Мне нужно было выступить, но я все еще надеялся, что слово попросит тот товарищ, который вчера вечером вытащил меня из строя. Оправдываться я не считал нужным. Однако тот товарищ молчал, словно воды в рот набрал, и если бы не вертел в руках травинку, можно было бы подумать, что он спит, полузакрыв глаза. Что мне оставалось делать? Не должен же защищаться невиновный? Потупленный взгляд человека, от которого зависел исход собрания, вызвал у меня отчаяние. Я почувствовал себя ужасно одиноким, как те два парня после Коница. Что ж сейчас происходило в его душе? Может, он чувствовал себя виноватым в том, что вытащил меня, а не погибшего Милутина Прлю? Я никак не мог найти ту спасительную соломинку, то единственное объяснение, чтобы, не ссылаясь ни на кого (зачем задевать совесть этого человека? Может, он сам в затруднительном положении?), все же сказать, что я не по своей воле покинул поле боя!

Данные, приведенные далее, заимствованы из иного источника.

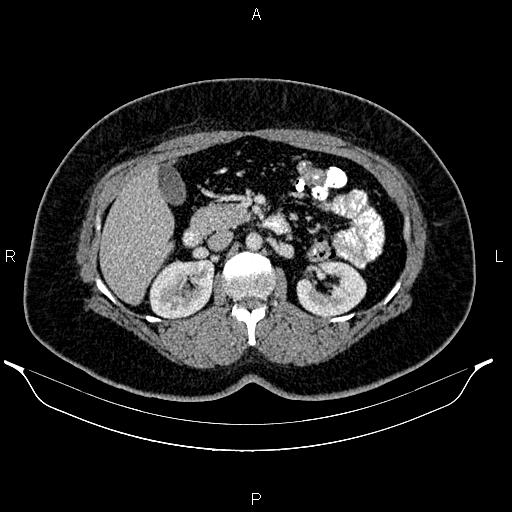 Bilateral ovarian dermoid cysts (Radiopaedia 85785-101603 A 44).jpg
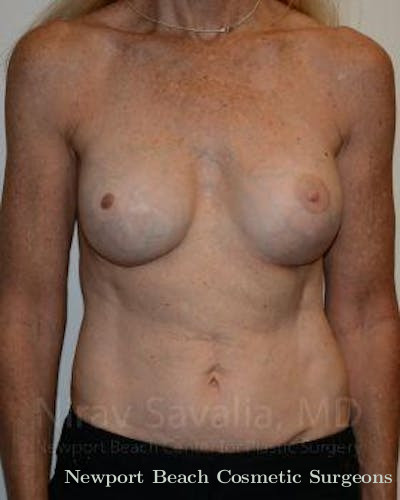 Fat Grafting to Face Before & After Gallery - Patient 1655466 - After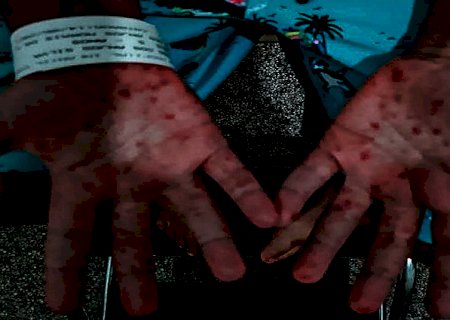 Saúde faz alerta após registrar surto da doença ‘mão-pé-boca’ em MS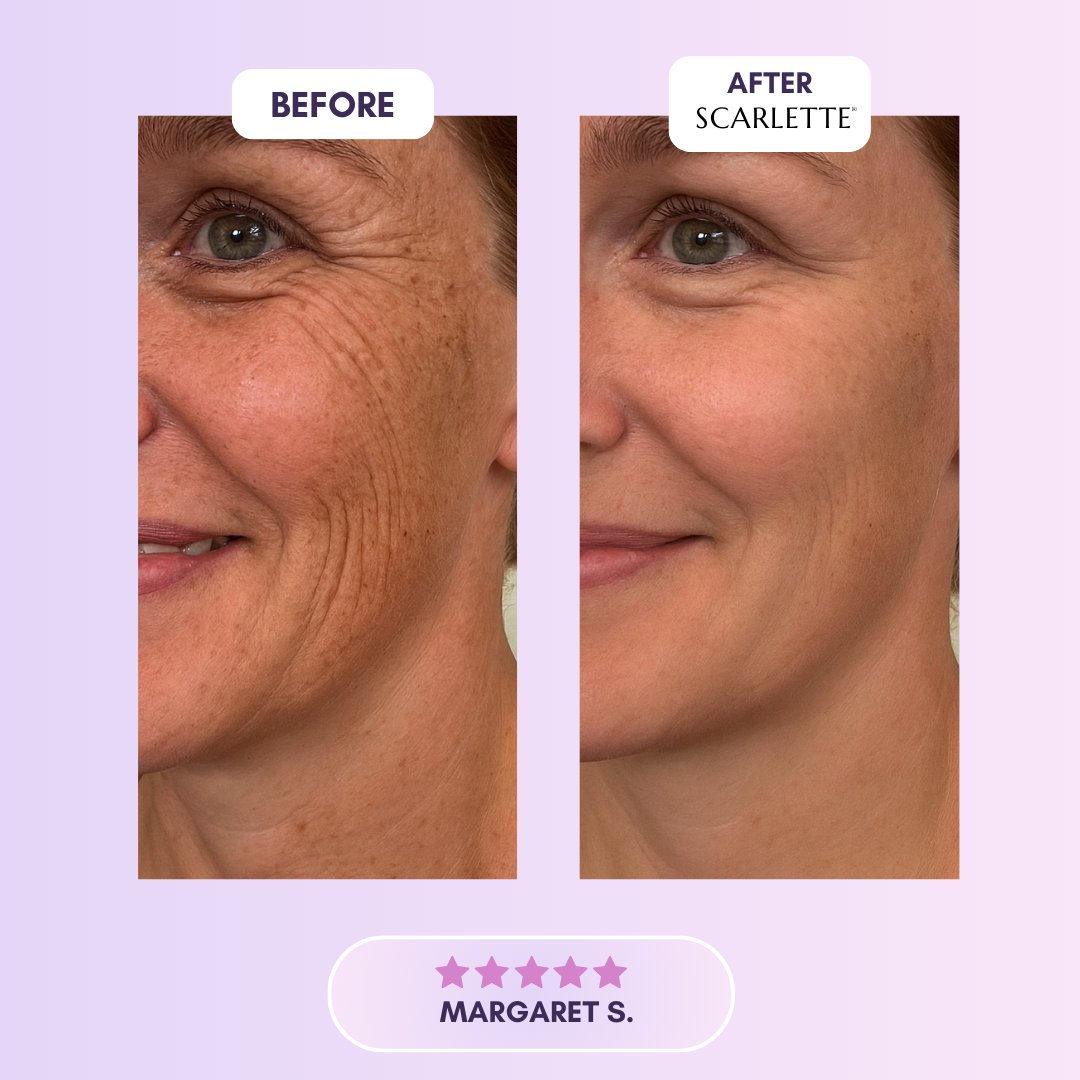 Scarlette™ Silicone Collagen Sheet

Обстановка накалялась. Член батальонного партбюро строго посмотрел на меня. Мне дали слово, я встал и пролепетал что-то жалкое, невнятное, не пытаясь оправдываться. Товарищ из батальонного партбюро тщательно подбирал нужные формулировки: партия, мол, всегда права; плохо только, когда ее полномочиями пользуются неумело. Эта мысль принесла мне некоторое облегчение, и я решил лучше промолчать, чем вступать в спор. Все это ускорило голосование. Ячейка одобрила предложение объявить мне выговор. Я так ничего и не объяснил. Все произошло как-то очень быстро. Обозники за это время успели погрузить свое имущество. Все очень спешили.
После собрания мне еще долго вспоминался тот потупленный взгляд и сухие безмолвные губы. Что я скажу этому человеку, если мне доведется встретиться с ним с глазу на глаз? На душе у меня было очень тяжело.
И только в колонне, шагавшей куда-то в ночь, комок, подкатившийся к горлу во время собрания, вдруг расплавился и превратился в поток слез. Я плакал от беспомощности, от голода, от несправедливости и упрямства черствых людей, старавшихся любой ценой найти козла отпущения, от равнодушия свидетеля моего «проступка».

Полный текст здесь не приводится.